> _Action item_
In the entries below, find the line with "Double Tier Coffee" and the line with "Aga Gold Metal"; copy them and every line between them exactly, but not the pictures.

══ Given data ══

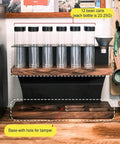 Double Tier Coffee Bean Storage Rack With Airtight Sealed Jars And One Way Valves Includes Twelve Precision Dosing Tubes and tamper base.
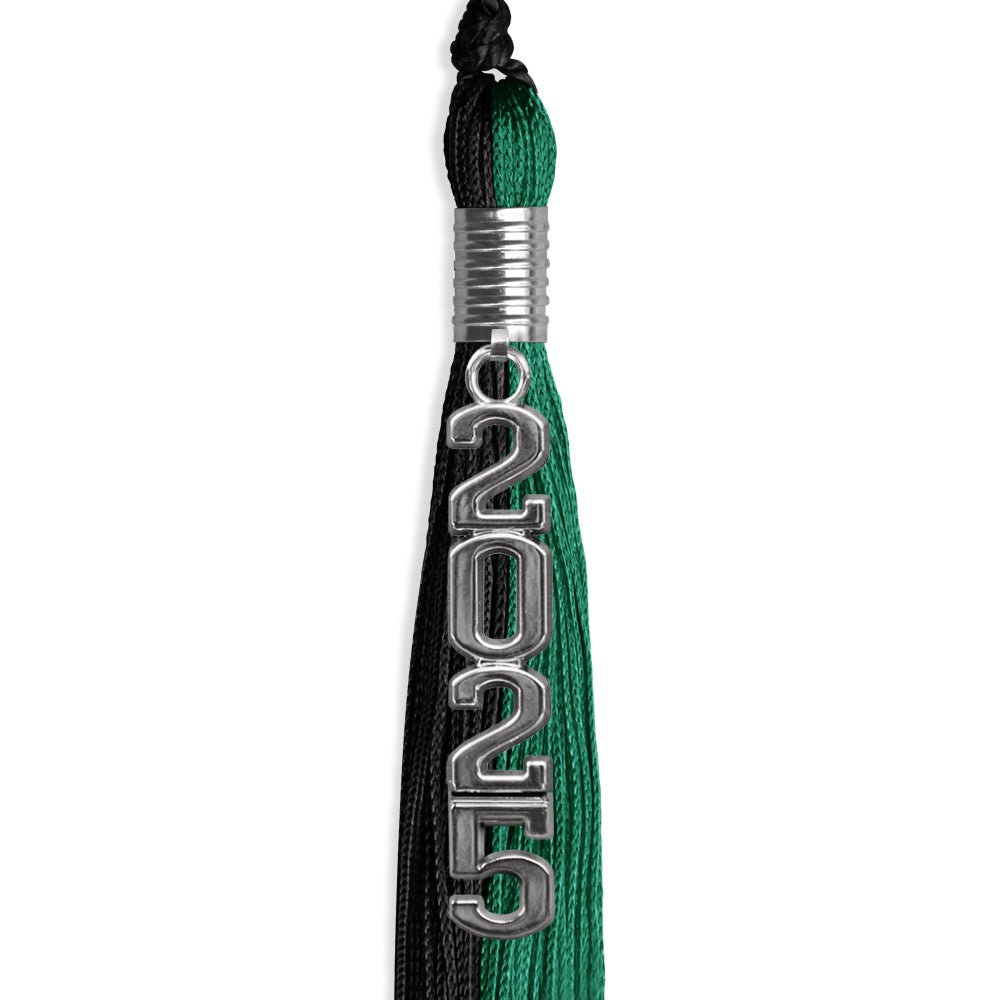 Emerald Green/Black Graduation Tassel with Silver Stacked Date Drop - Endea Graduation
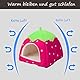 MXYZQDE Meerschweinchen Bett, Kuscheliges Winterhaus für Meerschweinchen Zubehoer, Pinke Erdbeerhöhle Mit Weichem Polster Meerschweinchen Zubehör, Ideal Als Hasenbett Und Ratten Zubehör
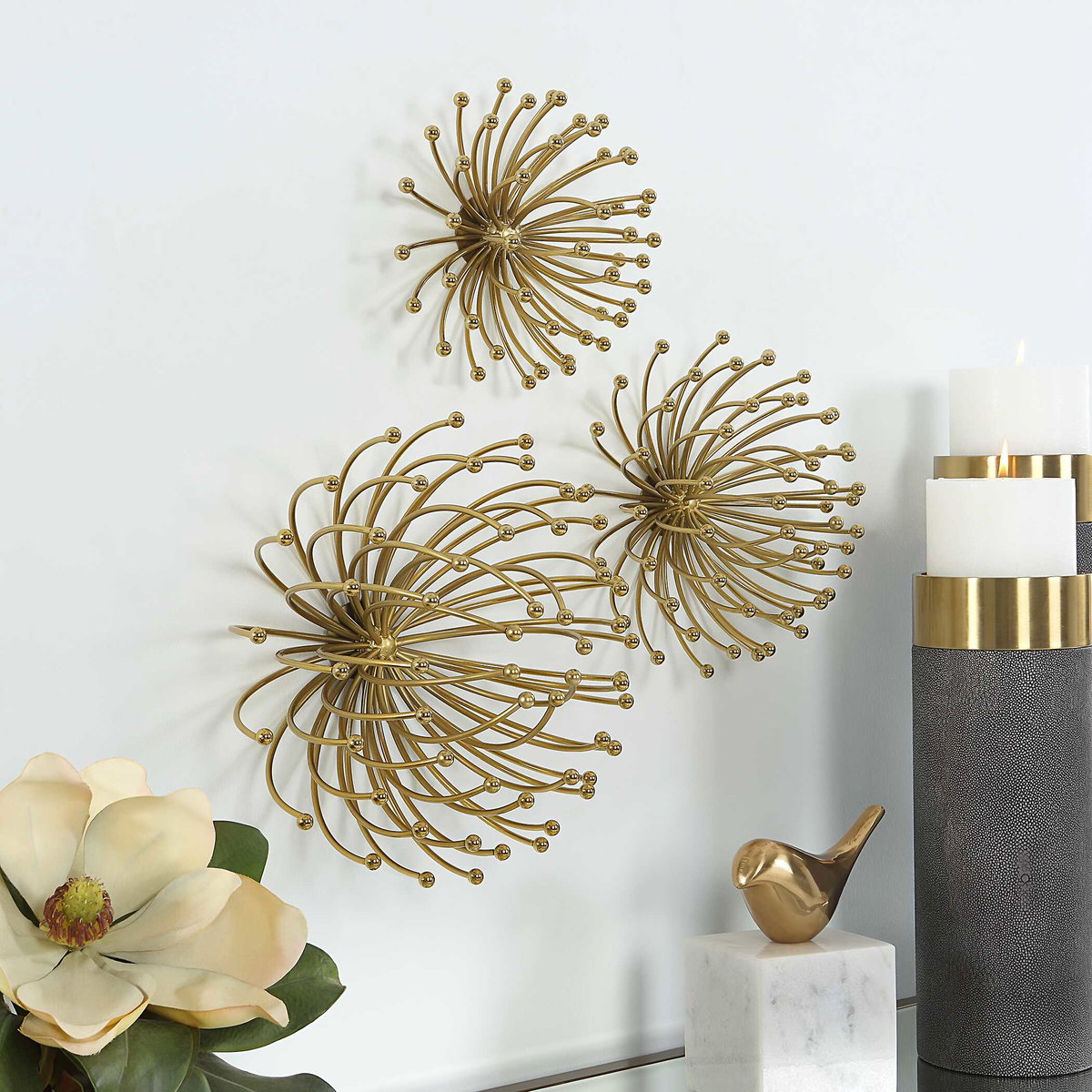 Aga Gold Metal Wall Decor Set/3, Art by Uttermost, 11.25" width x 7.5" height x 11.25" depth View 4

═══
══ Given data ══

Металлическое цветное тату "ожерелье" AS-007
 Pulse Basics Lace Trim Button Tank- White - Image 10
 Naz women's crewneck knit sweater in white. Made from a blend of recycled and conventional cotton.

═══
══ Given data ══

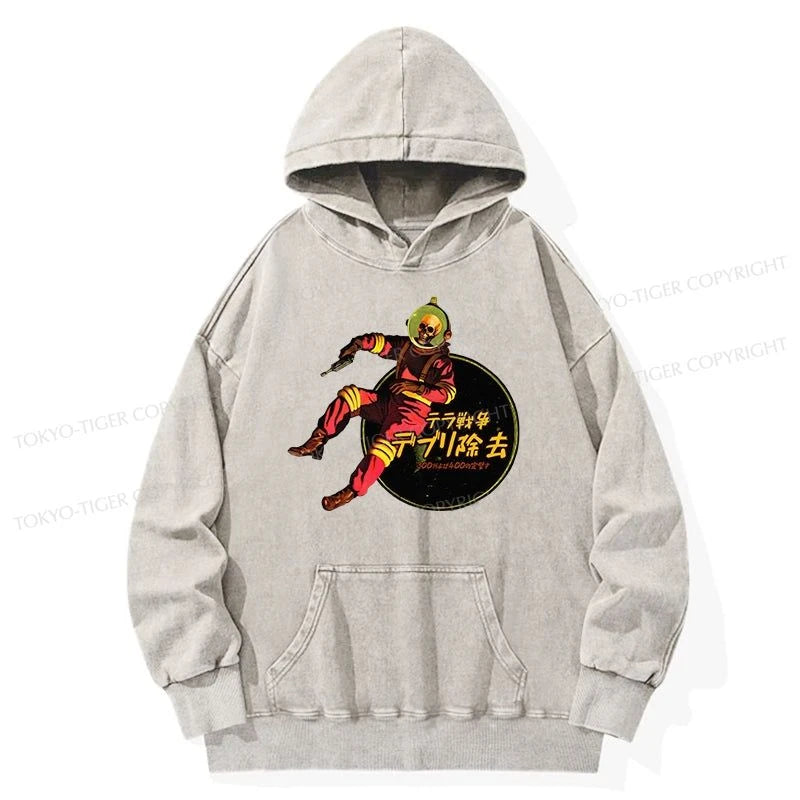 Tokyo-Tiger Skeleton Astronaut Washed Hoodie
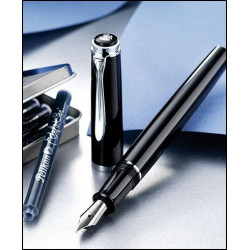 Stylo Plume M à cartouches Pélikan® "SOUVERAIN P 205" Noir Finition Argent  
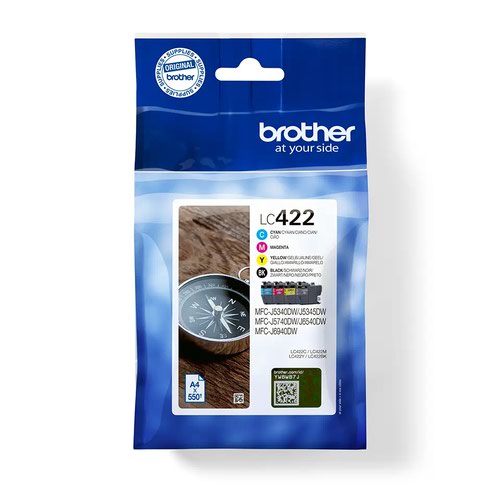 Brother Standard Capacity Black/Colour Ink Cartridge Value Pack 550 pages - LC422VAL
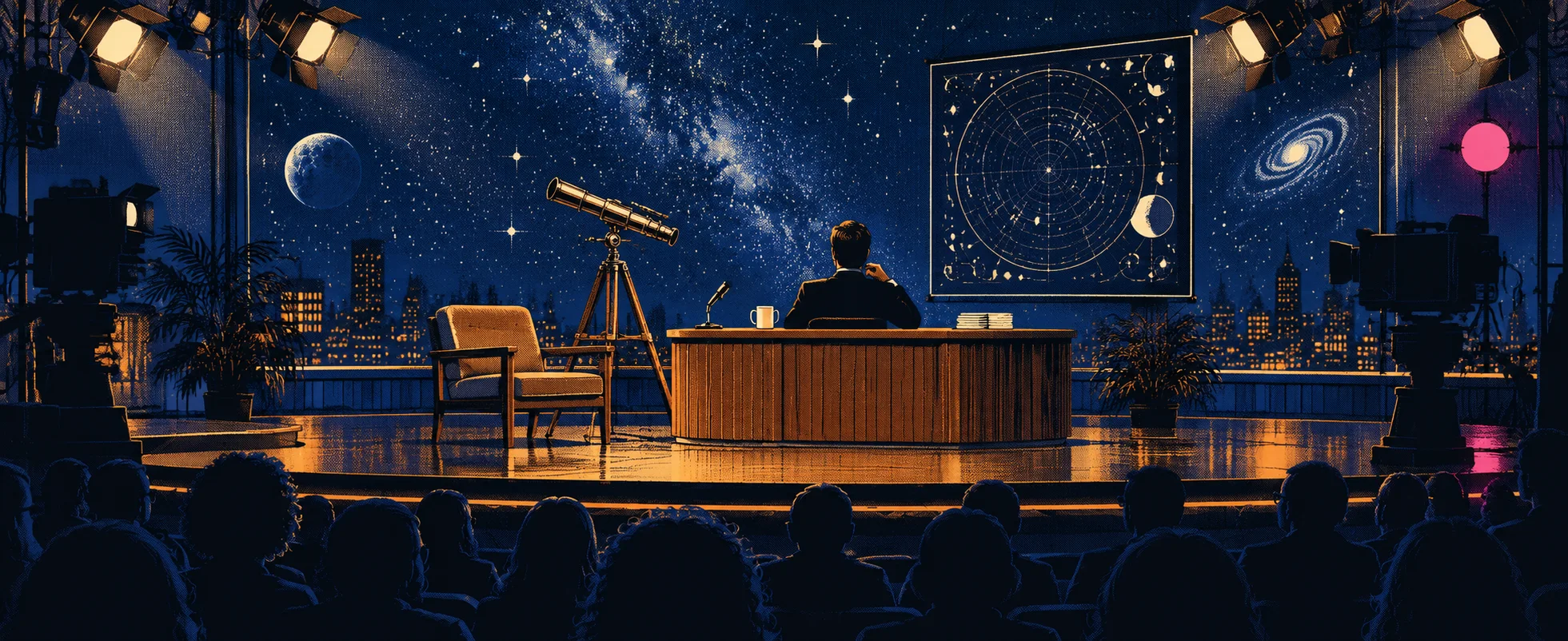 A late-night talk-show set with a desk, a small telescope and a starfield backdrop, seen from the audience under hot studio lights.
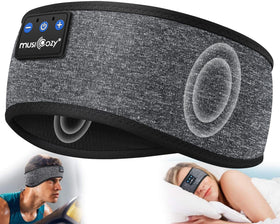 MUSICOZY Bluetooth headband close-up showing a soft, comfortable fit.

═══

> _Response to this task_
 Double Tier Coffee Bean Storage Rack With Airtight Sealed Jars And One Way Valves Includes Twelve Precision Dosing Tubes and tamper base.
 Emerald Green/Black Graduation Tassel with Silver Stacked Date Drop - Endea Graduation
 MXYZQDE Meerschweinchen Bett, Kuscheliges Winterhaus für Meerschweinchen Zubehoer, Pinke Erdbeerhöhle Mit Weichem Polster Meerschweinchen Zubehör, Ideal Als Hasenbett Und Ratten Zubehör
 Aga Gold Metal Wall Decor Set/3, Art by Uttermost, 11.25" width x 7.5" height x 11.25" depth View 4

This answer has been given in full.